Predicting Nearly As Well As the Optimal Twice Differentiable Regressor PDF

0.31 MB·

by N. Denizcan Vanli

#journals #arxiv

Checking for file health...

Save to my drive

Quick download

Download

Download Predicting Nearly As Well As the Optimal Twice Differentiable Regressor PDF Free - Full Version

by N. Denizcan Vanli| 0.31

Download Predicting Nearly As Well As the Optimal Twice Differentiable Regressor by N. Denizcan Vanli in PDF format completely FREE. No registration required, no payment needed. Get instant access to this valuable resource on PDFdrive.to!

Free Download PDF

About Predicting Nearly As Well As the Optimal Twice Differentiable Regressor

No description available for this book.

Detailed Information

Author:	N. Denizcan Vanli
File Size:	0.31
Format:	PDF
Price:	FREE

Download Free PDF

Safe & Secure Download - No registration required

Why Choose PDFdrive for Your Free Predicting Nearly As Well As the Optimal Twice Differentiable Regressor Download?

100% Free: No hidden fees or subscriptions required for one book every day.
No Registration: Immediate access is available without creating accounts for one book every day.
Safe and Secure: Clean downloads without malware or viruses
Multiple Formats: PDF, MOBI, Mpub,... optimized for all devices
Educational Resource: Supporting knowledge sharing and learning

Frequently Asked Questions

Is it really free to download Predicting Nearly As Well As the Optimal Twice Differentiable Regressor PDF?

Yes, on https://PDFdrive.to you can download Predicting Nearly As Well As the Optimal Twice Differentiable Regressor by N. Denizcan Vanli completely free.
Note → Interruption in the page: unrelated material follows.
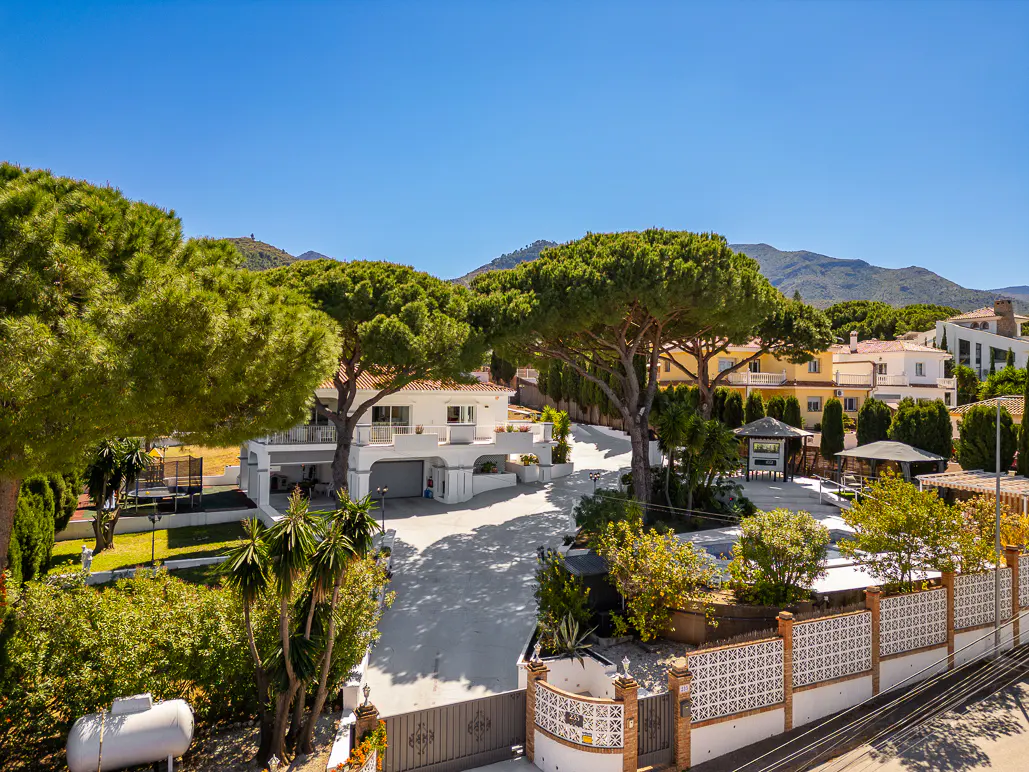 Aerial view of a white villa with a gray driveway, surrounded by green trees and a decorative fence under a clear blue sky.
We don't require any payment, subscription, or registration to access this PDF file. For 3 books every day.

How can I read Predicting Nearly As Well As the Optimal Twice Differentiable Regressor on my mobile device?

After downloading Predicting Nearly As Well As the Optimal Twice Differentiable Regressor PDF, you can open it with any PDF reader app on your phone or tablet. We recommend using Adobe Acrobat Reader, Apple Books, or Google Play Books for the best reading experience.

Is this the full version of Predicting Nearly As Well As the Optimal Twice Differentiable Regressor?

Yes, this is the complete PDF version of Predicting Nearly As Well As the Optimal Twice Differentiable Regressor by N. Denizcan Vanli. You will be able to read the entire content as in the printed version without missing any pages.

Is it legal to download Predicting Nearly As Well As the Optimal Twice Differentiable Regressor PDF for free?

https://PDFdrive.to provides links to free educational resources available online. We do not store any files on our servers. Please be aware of copyright laws in your country before downloading.

The materials shared are intended for research, educational, and personal use in accordance with fair use principles.